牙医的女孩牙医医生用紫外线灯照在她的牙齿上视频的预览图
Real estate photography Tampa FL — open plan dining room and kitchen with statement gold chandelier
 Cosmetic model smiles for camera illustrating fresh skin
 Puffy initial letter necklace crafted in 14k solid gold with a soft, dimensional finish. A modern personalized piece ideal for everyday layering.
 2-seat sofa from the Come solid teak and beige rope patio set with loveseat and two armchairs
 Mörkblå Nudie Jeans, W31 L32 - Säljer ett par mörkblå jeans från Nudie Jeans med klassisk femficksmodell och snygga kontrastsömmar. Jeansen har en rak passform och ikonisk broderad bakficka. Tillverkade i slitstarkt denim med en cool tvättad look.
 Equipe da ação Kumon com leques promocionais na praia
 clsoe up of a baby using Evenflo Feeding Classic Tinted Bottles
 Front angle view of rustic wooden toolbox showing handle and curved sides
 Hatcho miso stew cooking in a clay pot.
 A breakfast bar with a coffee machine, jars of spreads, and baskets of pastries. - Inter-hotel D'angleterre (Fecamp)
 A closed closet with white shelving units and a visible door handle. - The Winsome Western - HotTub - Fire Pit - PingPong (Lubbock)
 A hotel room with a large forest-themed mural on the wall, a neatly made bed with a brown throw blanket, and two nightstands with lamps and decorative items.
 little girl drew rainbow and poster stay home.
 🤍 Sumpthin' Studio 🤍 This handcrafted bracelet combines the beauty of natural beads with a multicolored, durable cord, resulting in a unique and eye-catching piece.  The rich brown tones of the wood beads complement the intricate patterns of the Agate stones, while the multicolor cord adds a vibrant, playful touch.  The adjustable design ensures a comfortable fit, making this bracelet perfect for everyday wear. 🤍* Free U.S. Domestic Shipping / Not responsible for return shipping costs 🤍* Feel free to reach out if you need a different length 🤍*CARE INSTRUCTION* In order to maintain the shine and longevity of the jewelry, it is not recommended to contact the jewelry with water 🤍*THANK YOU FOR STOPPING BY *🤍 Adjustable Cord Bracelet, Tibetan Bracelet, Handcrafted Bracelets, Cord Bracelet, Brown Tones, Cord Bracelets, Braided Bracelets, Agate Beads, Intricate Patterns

→ INSTRUCTIONS TO FOLLOW
Lines after the one containing "A breakfast bar" are not wanted; repeat exactly each line above from the first up to and including it.

→ COMPLETED TASK
牙医的女孩牙医医生用紫外线灯照在她的牙齿上视频的预览图
Real estate photography Tampa FL — open plan dining room and kitchen with statement gold chandelier
 Cosmetic model smiles for camera illustrating fresh skin
 Puffy initial letter necklace crafted in 14k solid gold with a soft, dimensional finish. A modern personalized piece ideal for everyday layering.
 2-seat sofa from the Come solid teak and beige rope patio set with loveseat and two armchairs
 Mörkblå Nudie Jeans, W31 L32 - Säljer ett par mörkblå jeans från Nudie Jeans med klassisk femficksmodell och snygga kontrastsömmar. Jeansen har en rak passform och ikonisk broderad bakficka. Tillverkade i slitstarkt denim med en cool tvättad look.
 Equipe da ação Kumon com leques promocionais na praia
 clsoe up of a baby using Evenflo Feeding Classic Tinted Bottles
 Front angle view of rustic wooden toolbox showing handle and curved sides
 Hatcho miso stew cooking in a clay pot.
 A breakfast bar with a coffee machine, jars of spreads, and baskets of pastries. - Inter-hotel D'angleterre (Fecamp)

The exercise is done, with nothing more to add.